Surat izin dari paroki: Dokumen pertama adalah surat perizinan dari Paroki Pringwulung, tempat Oscar dan istrinya menjadi bagian dari komunitas Katolik. Surat ini menunjukkan bahwa keluarga tersebut diizinkan secara gerejawi untuk menerima sakramen baptis di luar negeri.
Surat pendampingan baptis: Oscar juga harus menunjukkan bahwa putranya telah didampingi dalam persiapan baptisan. “Karena kami aktif di lingkungan Gereja di Jogja, proses ini cukup terbantu,” ujarnya.
Penunjukan wali baptis: Tantangan terbesar adalah mencari wali baptis yang bisa hadir langsung di lokasi. Oscar akhirnya dibantu Romo Christianus Surinono, OCD, yang kini menjabat sebagai Definitor General (Sekretaris Jenderal) Ordo Karmel di Roma. Romo Christianus juga melengkapi surat pengantar dari parokinya di Roma.
Surat permohonan tertulis: Meski permohonan awal dilakukan lewat e-mail, pihak Vatikan tetap meminta surat resmi dalam bentuk tertulis.
Dokumen identitas diri: Dokumen terakhir meliputi paspor, akta lahir orangtua dan anak, serta paspor wali baptis.
Melewati Penjagaan Swiss Guard dan Proses yang Cepat
Oscar dan keluarganya diwajibkan hadir di Vatikan sehari sebelum jadwal baptis.
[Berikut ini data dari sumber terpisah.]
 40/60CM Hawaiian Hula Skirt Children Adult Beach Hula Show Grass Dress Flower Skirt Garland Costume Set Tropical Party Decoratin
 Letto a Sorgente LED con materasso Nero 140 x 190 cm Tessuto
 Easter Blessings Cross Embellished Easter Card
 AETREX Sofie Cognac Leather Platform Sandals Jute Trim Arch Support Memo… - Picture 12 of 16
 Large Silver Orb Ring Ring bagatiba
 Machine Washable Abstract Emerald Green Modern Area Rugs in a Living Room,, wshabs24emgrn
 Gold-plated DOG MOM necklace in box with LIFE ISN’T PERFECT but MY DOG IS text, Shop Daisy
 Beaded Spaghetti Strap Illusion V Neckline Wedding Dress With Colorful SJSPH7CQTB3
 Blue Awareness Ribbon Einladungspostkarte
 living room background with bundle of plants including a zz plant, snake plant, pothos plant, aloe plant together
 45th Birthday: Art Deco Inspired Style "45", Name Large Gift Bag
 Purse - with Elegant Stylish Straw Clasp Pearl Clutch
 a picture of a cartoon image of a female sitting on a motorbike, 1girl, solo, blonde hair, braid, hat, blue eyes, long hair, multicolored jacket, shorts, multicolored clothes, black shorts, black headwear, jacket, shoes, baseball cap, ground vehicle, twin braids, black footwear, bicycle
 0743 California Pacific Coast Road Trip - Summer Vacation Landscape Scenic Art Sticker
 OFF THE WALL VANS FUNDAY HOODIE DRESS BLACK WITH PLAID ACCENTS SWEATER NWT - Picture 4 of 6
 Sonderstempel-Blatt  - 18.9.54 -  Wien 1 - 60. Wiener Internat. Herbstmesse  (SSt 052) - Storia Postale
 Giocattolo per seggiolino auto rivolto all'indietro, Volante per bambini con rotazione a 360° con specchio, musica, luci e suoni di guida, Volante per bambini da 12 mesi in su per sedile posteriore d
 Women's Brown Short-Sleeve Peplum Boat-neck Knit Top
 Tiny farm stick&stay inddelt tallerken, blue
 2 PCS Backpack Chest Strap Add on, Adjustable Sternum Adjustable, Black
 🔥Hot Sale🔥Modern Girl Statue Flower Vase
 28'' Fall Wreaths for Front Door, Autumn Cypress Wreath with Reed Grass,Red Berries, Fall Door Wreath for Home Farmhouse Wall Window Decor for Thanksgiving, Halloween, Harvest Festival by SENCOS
Mereka masuk lewat pintu khusus yang dijaga oleh Swiss Guard. “Petugas sampai tidak percaya ada orang Indonesia mau baptis di sana. Sampai dipanggilkan polisi untuk verifikasi. Tapi akhirnya kami diizinkan masuk dan menjalani proses validasi dokumen,” ujar Oscar.
Upacara pembaptisan digelar dalam bahasa Inggris, bukan bahasa Latin seperti yang dibayangkan sebelumnya. Meski demikian, maknanya tetap dirasakan mendalam oleh dia dan keluarganya. “Kami menganggap ini berkat yang luar biasa. Tapi yang paling penting bukan tempatnya, melainkan bagaimana kami membina keluarga yang guyub dan penuh kasih,” kata Oscar. Ia juga menegaskan bahwa tak ada maksud untuk mencari eksklusivitas. “Yang penting adalah anak kami masuk dalam komunitas Katolik. Itu yang utama,” tegas Oscar.